BRIEF:
Type out the complete listing below word for word, without its pictures.

RECORDED INFORMATION:
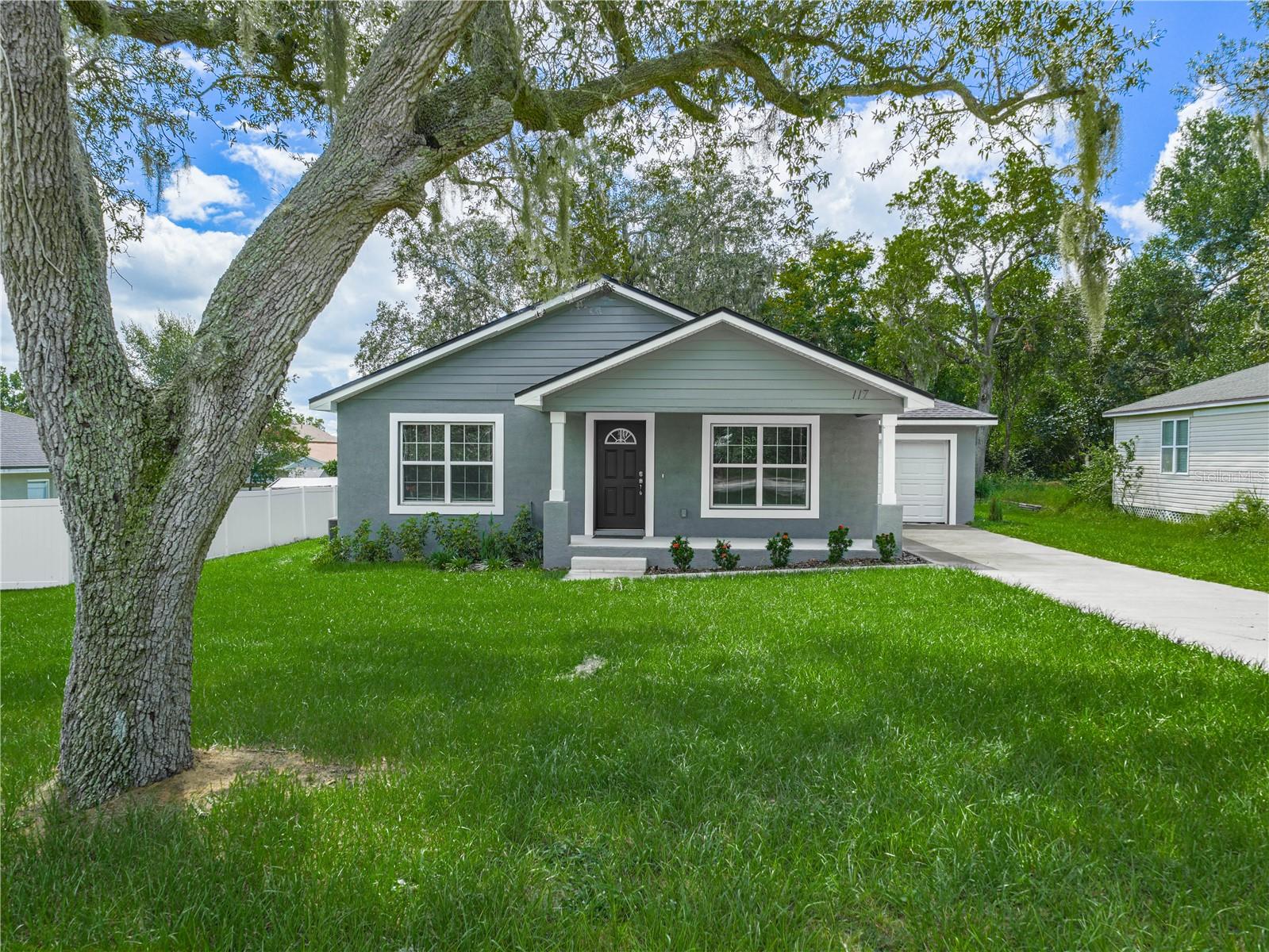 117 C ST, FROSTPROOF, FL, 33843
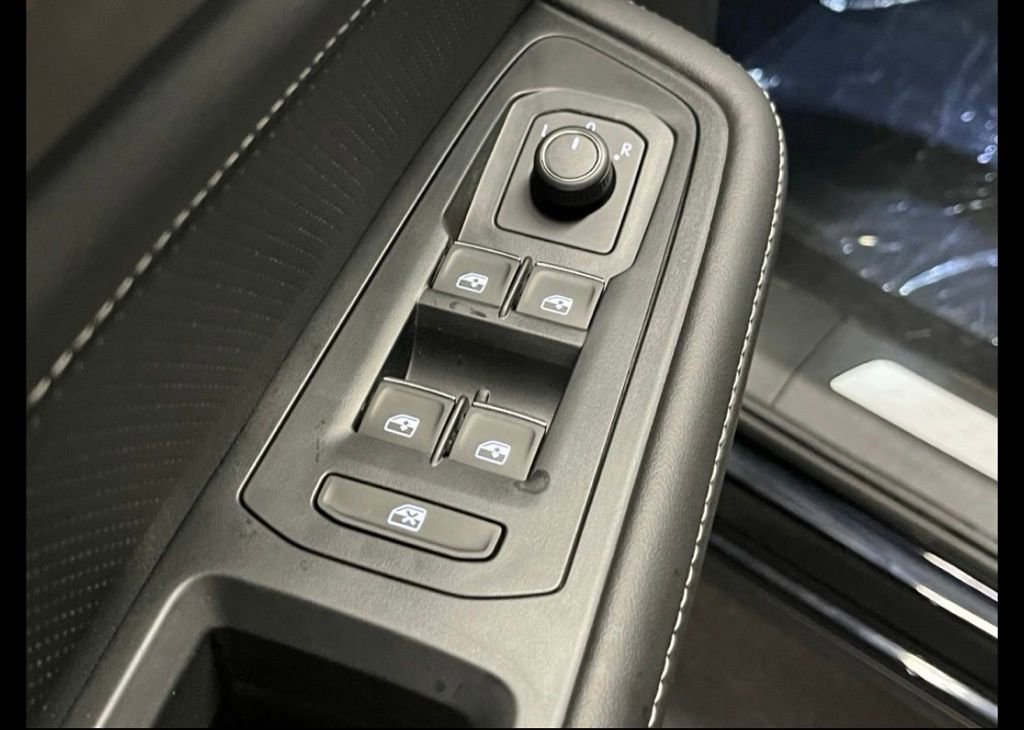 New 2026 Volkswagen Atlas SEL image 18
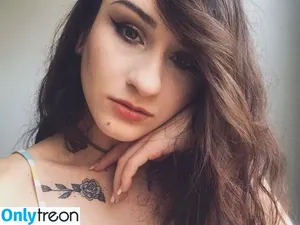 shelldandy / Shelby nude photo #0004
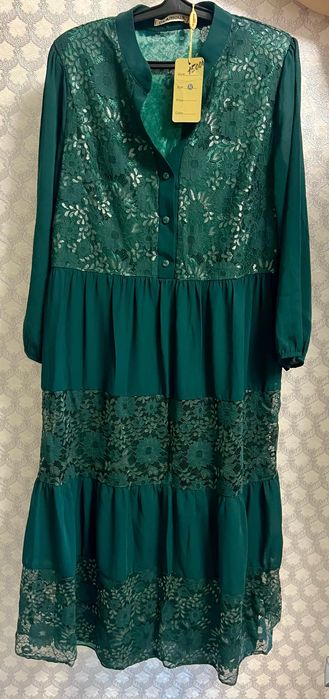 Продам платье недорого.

ANSWER FOR THE TASK:
 117 C ST, FROSTPROOF, FL, 33843
 New 2026 Volkswagen Atlas SEL image 18
 shelldandy / Shelby nude photo #0004
 Продам платье недорого.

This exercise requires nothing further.